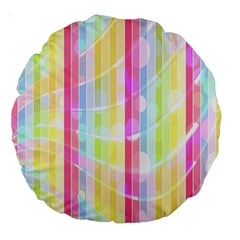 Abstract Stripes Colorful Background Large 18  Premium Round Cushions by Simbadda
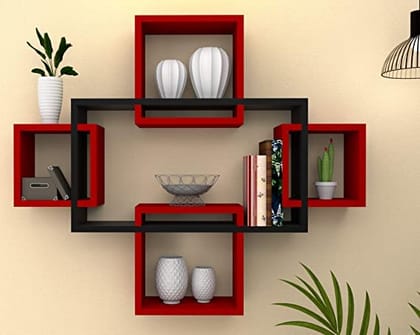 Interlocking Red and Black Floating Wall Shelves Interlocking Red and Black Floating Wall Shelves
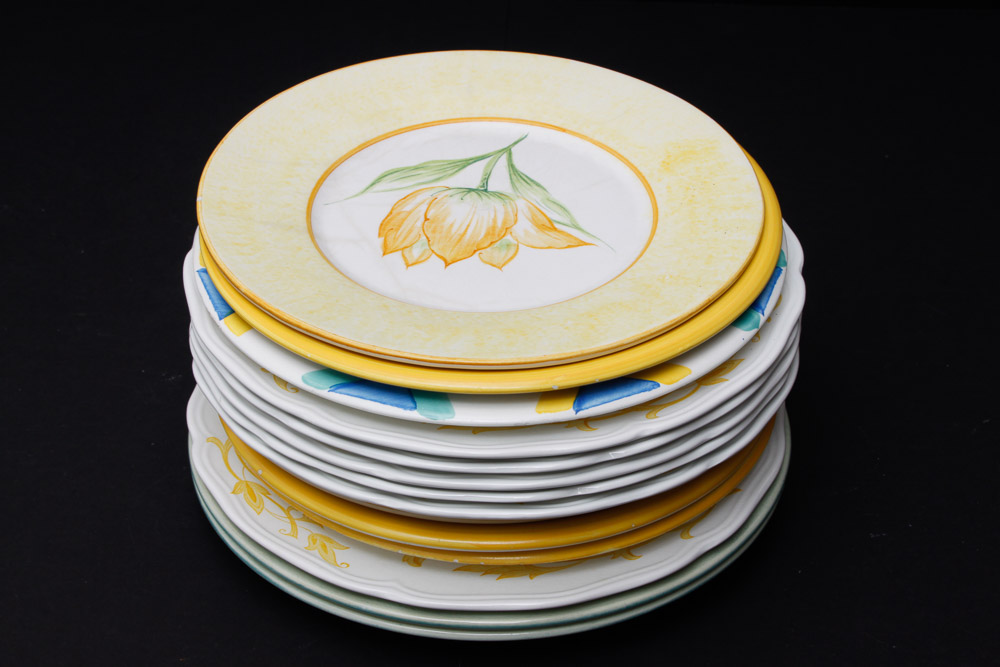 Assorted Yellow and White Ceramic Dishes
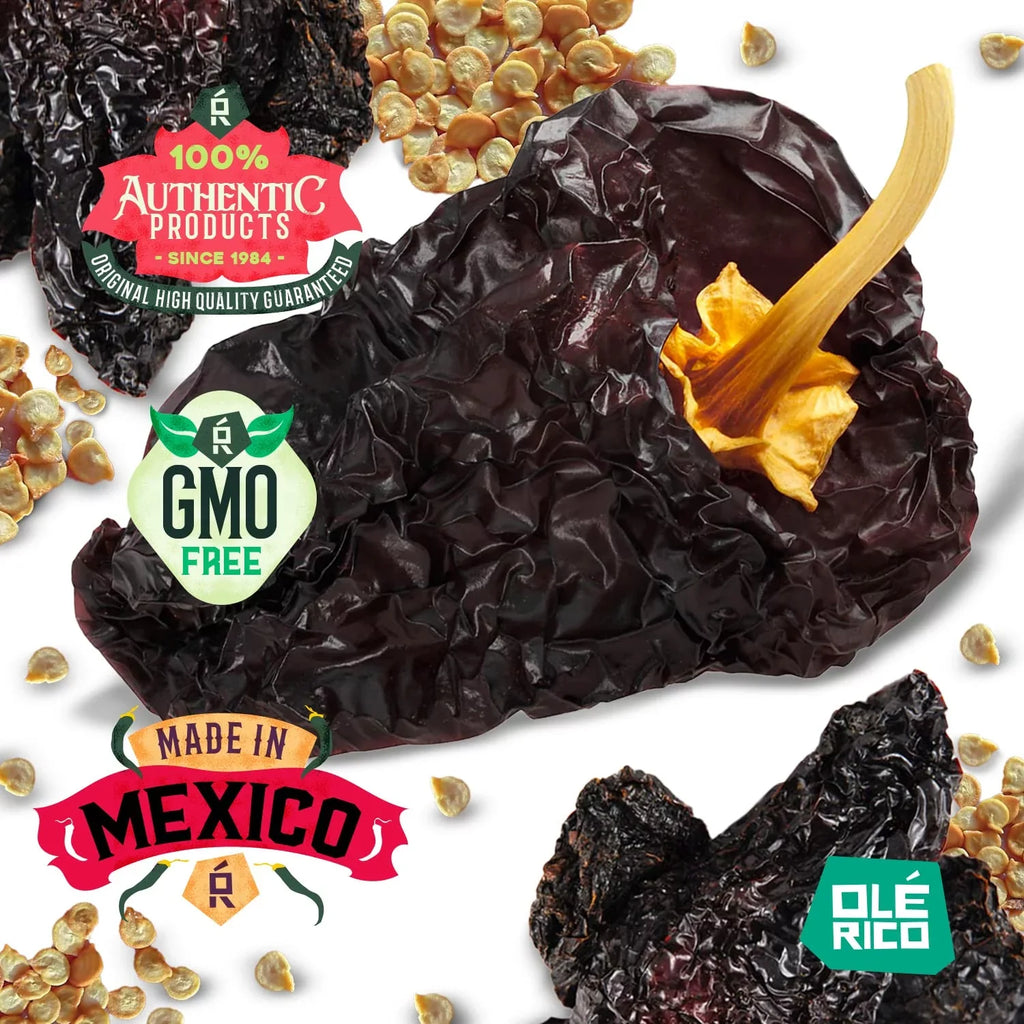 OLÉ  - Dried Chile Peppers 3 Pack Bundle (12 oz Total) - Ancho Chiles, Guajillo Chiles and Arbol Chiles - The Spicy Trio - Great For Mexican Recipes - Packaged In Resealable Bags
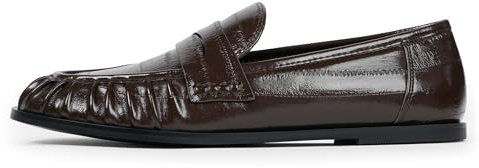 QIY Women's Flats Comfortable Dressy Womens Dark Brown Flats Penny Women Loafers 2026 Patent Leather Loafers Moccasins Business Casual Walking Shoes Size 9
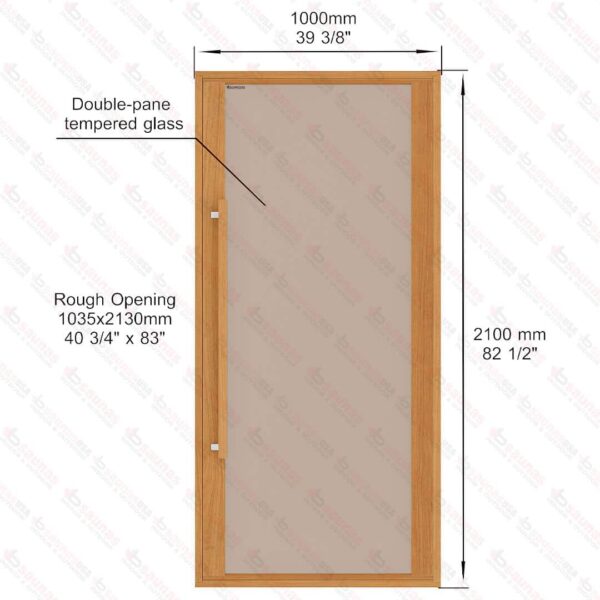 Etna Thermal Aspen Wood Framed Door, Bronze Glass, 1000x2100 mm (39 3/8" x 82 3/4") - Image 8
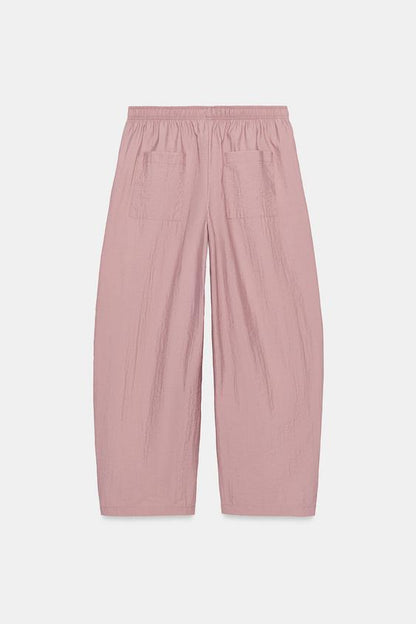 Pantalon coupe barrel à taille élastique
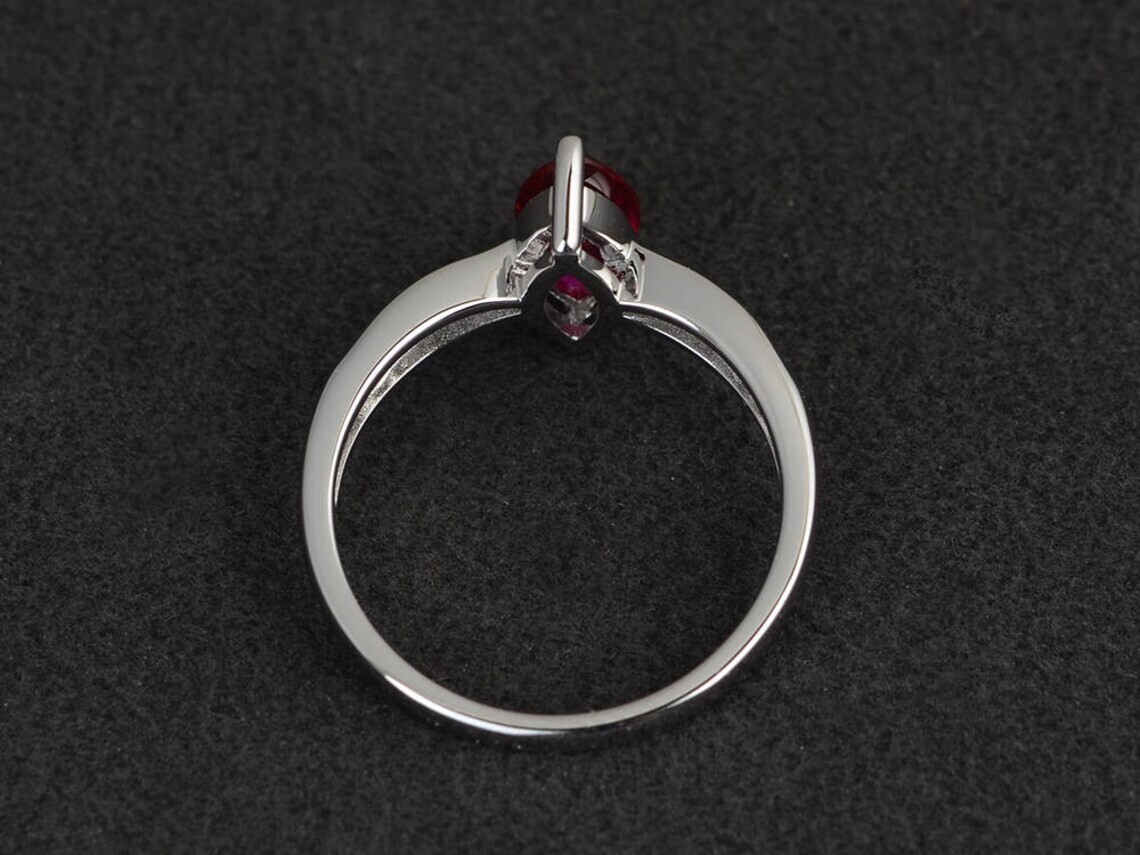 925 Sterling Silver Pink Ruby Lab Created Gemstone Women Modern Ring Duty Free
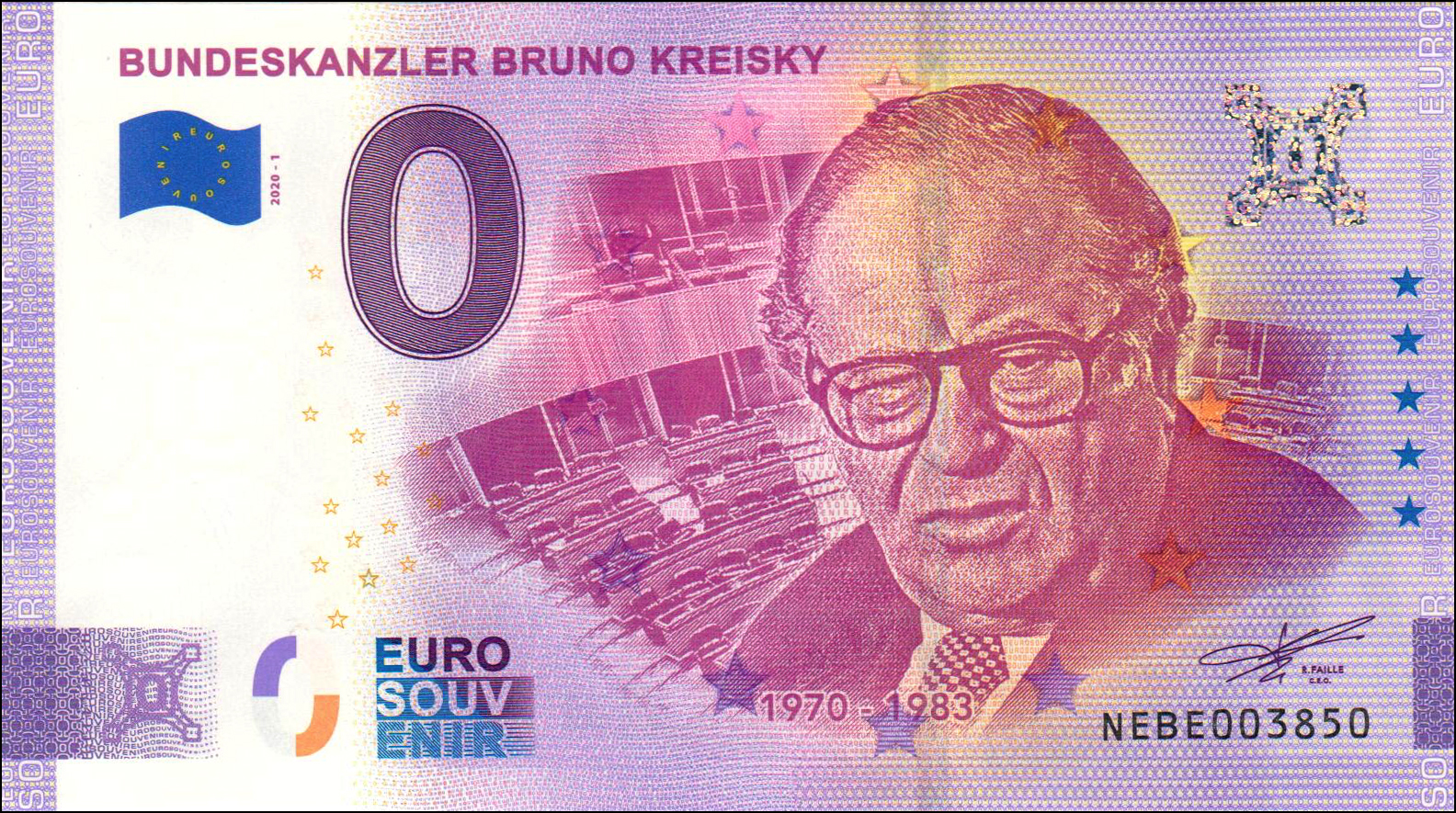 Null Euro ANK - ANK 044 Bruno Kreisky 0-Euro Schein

____________________

PROBLEM DETAILS:
Reproduce the data above exactly, but only from the line containing "In Resealable Bags" through the line containing "QIY Women's Flats". Omit all pictures.

EXPECTED ANSWER:
 OLÉ  - Dried Chile Peppers 3 Pack Bundle (12 oz Total) - Ancho Chiles, Guajillo Chiles and Arbol Chiles - The Spicy Trio - Great For Mexican Recipes - Packaged In Resealable Bags
 QIY Women's Flats Comfortable Dressy Womens Dark Brown Flats Penny Women Loafers 2026 Patent Leather Loafers Moccasins Business Casual Walking Shoes Size 9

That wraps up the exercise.